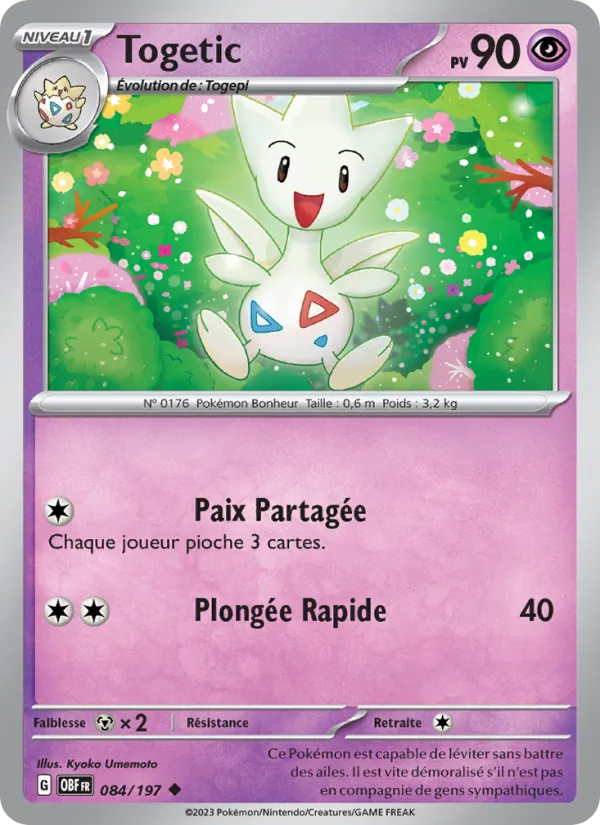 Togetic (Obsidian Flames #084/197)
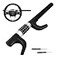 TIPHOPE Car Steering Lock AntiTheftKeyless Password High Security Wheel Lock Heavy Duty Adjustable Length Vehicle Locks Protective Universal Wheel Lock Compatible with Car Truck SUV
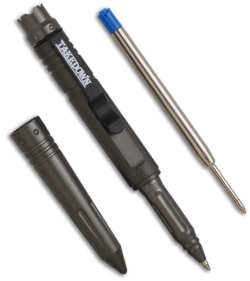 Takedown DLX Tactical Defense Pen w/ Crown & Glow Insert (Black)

## How to complete this task
Except for the pictures, print the data above exactly.

## Output for this exercise
 Togetic (Obsidian Flames #084/197)
 TIPHOPE Car Steering Lock AntiTheftKeyless Password High Security Wheel Lock Heavy Duty Adjustable Length Vehicle Locks Protective Universal Wheel Lock Compatible with Car Truck SUV
 Takedown DLX Tactical Defense Pen w/ Crown & Glow Insert (Black)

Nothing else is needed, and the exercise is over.